New WordPress Theme: codegeek April 14th, 2012

As you may have noticed, I’ve replaced the old theme here on my blog with something a little cleaner and simpler. I couldn’t really find anything I liked or wanted on the net, so I threw something simple together using Twitters excellent Bootstrap library along with a little help from Bootswatch.

If you’d like a copy to use or adapt, you can grab it from https://github.com/gregarmer/wp-codegeek. Beware though, it is by no means a complete WordPress theme and only handles my specific requirements at this point.

Replacing Django’s Nasty “runserver” December 6th, 2011

Have you ever tried to have more than one person view a development site using Django’s built-in development server ? Yeah, it really sucks. Apparently concurrency wasn’t high on the features list and they have stated that it never will be.

DO NOT USE THIS SERVER IN A PRODUCTION SETTING. It has not gone through security audits or performance tests. (And that’s how it’s gonna stay. We’re in the business of making Web frameworks, not Web servers, so improving this server to be able to handle a production environment is outside the scope of Django.)

So how do we go about using something a little nicer without losing any of the auto-reload goodness and without having to setup a full blown production environment ?
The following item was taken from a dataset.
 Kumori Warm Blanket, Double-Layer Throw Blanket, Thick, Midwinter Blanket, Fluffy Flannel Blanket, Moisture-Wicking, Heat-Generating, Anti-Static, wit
There are a number of alternatives, however I’ve selected Twisted Web simply because I really like the twisted framework and due to the experience I have in using it, I am very comfortable with it. It’s a great feature-packed web server that handles concurrency (and a ton of other things) exceptionally well.

So how do we use it to serve our little Django project in a development friendly way ?

I’ve put together some code (some borrowed from other sources) and constructed a simple replacement command called “trunserver” (twisted-runserver). You can grab this code from Github. Simply install it using the standard methods, and run it with:

python manage.py trunserver [IP:PORT] [--settings=foo] [--noreload]

So this will start up a twisted web instance serving your Django project and just like the build-in runserver, it will automatically reload your code when it notices that your files have been modified unless –noreload has been passed.

There are a few things missing at this point, like IPv6 support and static file serving, however these are on the roadmap.

I’ll post again with some more info once it is a little more stable and an official release has been provided.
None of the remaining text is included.